В попытках оправдать гипотезу эффективного рынка часто доходили до исторической ревизии, утверждая, что знаменитые в истории пузыри – от «тюльпаномании» в Нидерландах до «ревущих двадцатых» в США – на самом деле были рациональной реакцией на вновь открывшиеся рыночные условия, которую затем стали изображать утрированно. В период «тюльпаномании» цена контракта на покупку одной-единственной луковицы в 10 раз превышала годовой доход искусного ремесленника. Экономист Питер Гербер заявил, что фактически эти контракты никогда не исполнялись и были всего лишь разновидностью пари, а это никак не противоречит гипотезе эффективного рынка.

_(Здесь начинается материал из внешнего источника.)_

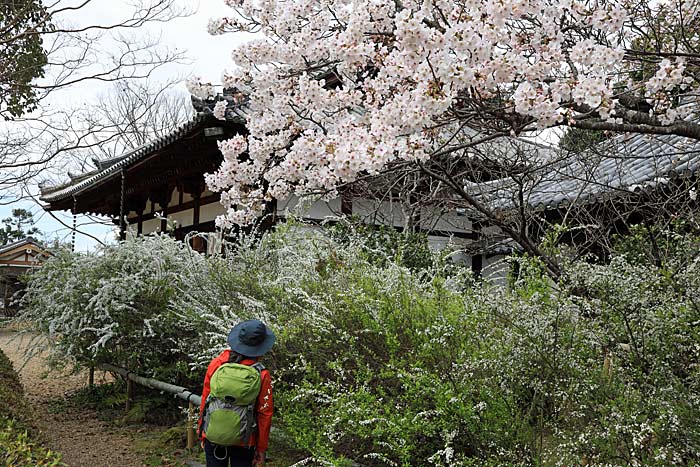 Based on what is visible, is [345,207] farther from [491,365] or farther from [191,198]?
[491,365]

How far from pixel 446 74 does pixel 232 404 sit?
83.2 inches

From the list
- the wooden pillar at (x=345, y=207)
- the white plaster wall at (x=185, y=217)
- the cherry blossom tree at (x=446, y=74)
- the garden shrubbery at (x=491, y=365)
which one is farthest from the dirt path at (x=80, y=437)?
the wooden pillar at (x=345, y=207)

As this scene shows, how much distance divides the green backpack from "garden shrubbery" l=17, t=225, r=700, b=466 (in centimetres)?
35

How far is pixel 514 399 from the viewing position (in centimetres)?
332

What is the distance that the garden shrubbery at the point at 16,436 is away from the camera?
11.3ft

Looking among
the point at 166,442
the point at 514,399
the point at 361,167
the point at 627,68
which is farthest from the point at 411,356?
the point at 166,442

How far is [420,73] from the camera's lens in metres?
3.05

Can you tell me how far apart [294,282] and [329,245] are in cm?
94

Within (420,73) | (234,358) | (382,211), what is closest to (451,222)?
(382,211)

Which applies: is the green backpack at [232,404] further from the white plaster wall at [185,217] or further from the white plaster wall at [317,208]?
the white plaster wall at [185,217]

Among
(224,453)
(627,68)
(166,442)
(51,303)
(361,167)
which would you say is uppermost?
(627,68)

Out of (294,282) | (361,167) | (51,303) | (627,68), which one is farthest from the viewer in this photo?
(51,303)

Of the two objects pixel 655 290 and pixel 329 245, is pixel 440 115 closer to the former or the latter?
pixel 655 290

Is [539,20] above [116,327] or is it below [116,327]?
above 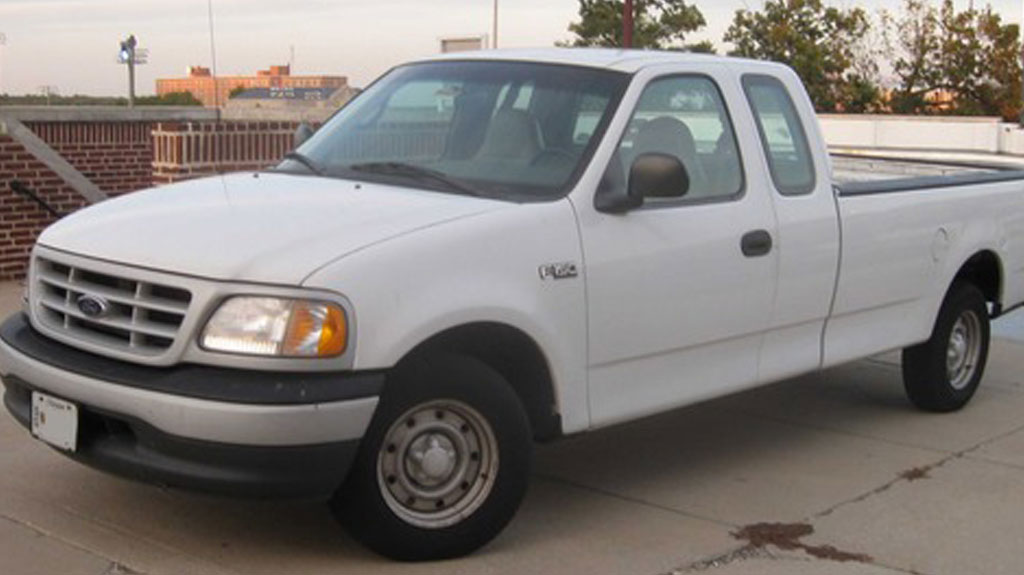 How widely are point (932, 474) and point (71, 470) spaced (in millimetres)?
3876

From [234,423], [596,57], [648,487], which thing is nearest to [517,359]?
[234,423]

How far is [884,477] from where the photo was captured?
249 inches

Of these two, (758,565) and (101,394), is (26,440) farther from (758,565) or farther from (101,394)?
(758,565)

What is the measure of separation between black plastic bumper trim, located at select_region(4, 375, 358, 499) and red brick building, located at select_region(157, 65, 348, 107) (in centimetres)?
4898

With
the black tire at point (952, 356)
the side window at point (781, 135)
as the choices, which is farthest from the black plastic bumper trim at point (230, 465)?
the black tire at point (952, 356)

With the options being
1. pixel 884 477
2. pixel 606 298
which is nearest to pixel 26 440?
pixel 606 298

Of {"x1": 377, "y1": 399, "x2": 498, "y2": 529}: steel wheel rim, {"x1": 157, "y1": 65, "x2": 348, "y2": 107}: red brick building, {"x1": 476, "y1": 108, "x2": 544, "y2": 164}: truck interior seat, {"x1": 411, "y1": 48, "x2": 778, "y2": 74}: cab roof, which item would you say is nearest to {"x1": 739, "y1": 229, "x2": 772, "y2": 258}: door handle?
{"x1": 411, "y1": 48, "x2": 778, "y2": 74}: cab roof

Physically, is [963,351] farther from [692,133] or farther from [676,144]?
[676,144]

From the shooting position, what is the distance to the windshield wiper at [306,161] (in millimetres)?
5599

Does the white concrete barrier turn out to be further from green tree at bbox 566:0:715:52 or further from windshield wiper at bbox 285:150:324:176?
windshield wiper at bbox 285:150:324:176

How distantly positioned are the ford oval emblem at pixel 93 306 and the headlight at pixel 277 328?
475 mm

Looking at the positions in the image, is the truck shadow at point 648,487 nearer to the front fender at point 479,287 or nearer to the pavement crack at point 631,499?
the pavement crack at point 631,499

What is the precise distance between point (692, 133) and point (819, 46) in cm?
3859

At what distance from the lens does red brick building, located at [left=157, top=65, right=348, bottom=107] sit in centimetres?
5729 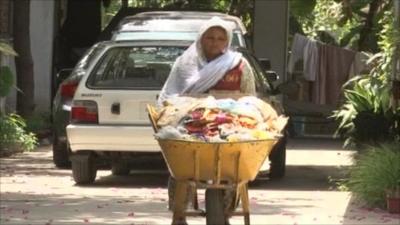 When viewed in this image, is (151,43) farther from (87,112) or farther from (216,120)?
(216,120)

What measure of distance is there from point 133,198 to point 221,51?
13.3ft

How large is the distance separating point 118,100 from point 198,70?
4.37m

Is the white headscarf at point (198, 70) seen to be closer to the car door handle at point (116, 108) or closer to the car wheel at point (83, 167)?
the car door handle at point (116, 108)

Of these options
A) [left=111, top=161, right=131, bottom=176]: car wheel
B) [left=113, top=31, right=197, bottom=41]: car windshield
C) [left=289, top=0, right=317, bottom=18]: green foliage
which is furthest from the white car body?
[left=289, top=0, right=317, bottom=18]: green foliage

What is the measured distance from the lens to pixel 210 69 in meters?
6.65

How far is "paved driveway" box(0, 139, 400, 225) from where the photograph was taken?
9078 mm

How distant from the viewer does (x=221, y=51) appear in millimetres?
6719

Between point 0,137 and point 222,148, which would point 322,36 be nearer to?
point 0,137

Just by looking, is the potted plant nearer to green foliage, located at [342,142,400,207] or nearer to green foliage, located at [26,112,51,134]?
green foliage, located at [342,142,400,207]

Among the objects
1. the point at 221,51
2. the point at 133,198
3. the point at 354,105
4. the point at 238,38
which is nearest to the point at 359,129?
the point at 354,105

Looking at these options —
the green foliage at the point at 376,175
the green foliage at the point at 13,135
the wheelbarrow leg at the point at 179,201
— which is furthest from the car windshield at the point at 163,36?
the wheelbarrow leg at the point at 179,201

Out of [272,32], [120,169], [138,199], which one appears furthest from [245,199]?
[272,32]

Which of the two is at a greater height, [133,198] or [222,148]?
[222,148]

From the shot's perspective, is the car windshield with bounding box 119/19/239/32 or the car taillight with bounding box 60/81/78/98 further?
the car windshield with bounding box 119/19/239/32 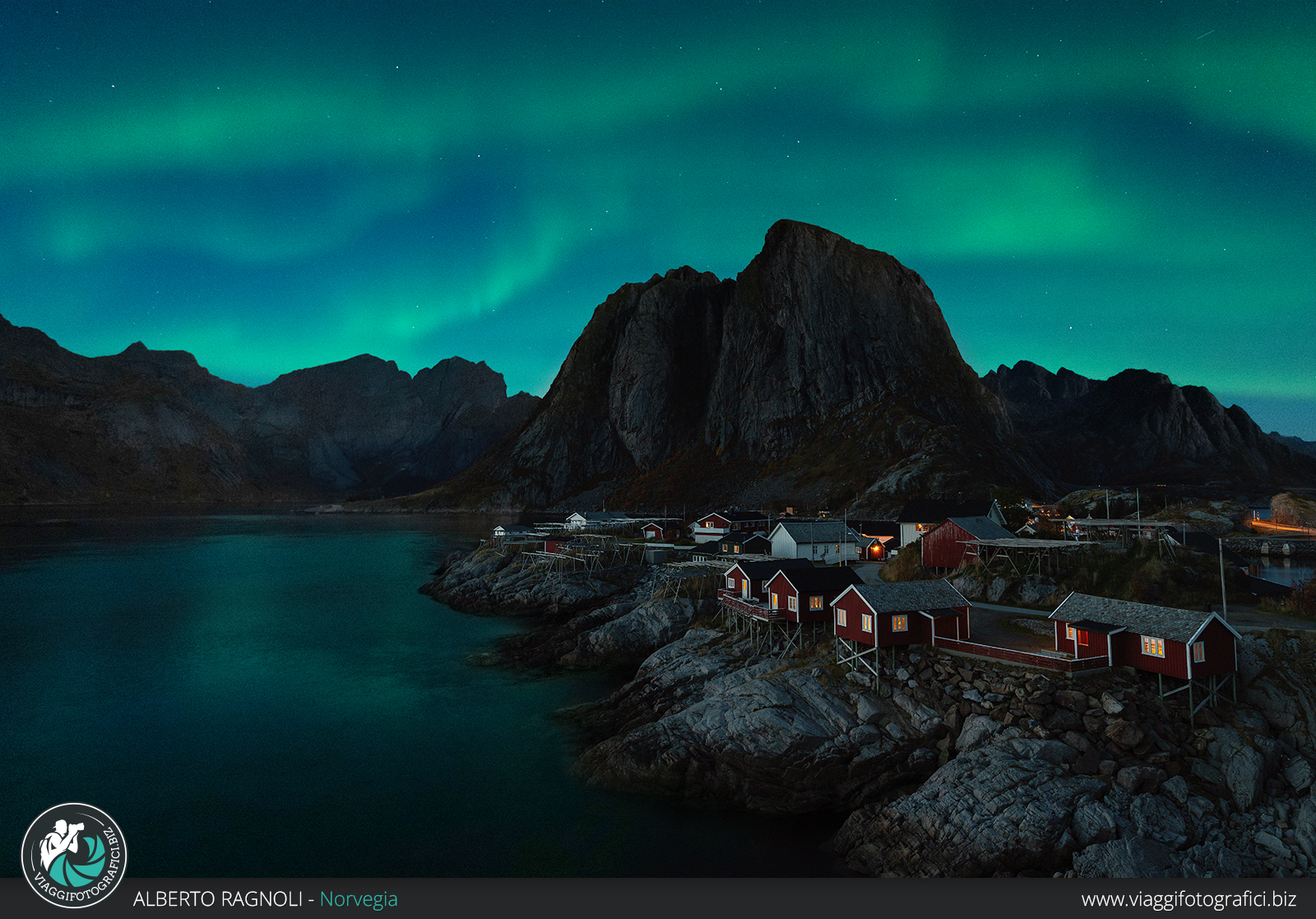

В подобных высказываниях прослеживается мысль, что на современном развитом рынке, где все сделки прозрачны и все стороны находятся под пристальным взором аудиторов и рейтинговых агентств, иррациональные пузыри в принципе не могут возникать и сохраняться. Это заключение стало первоосновой финансовой политики, проводившейся в десятилетие перед глобальным финансовым кризисом 2008 года.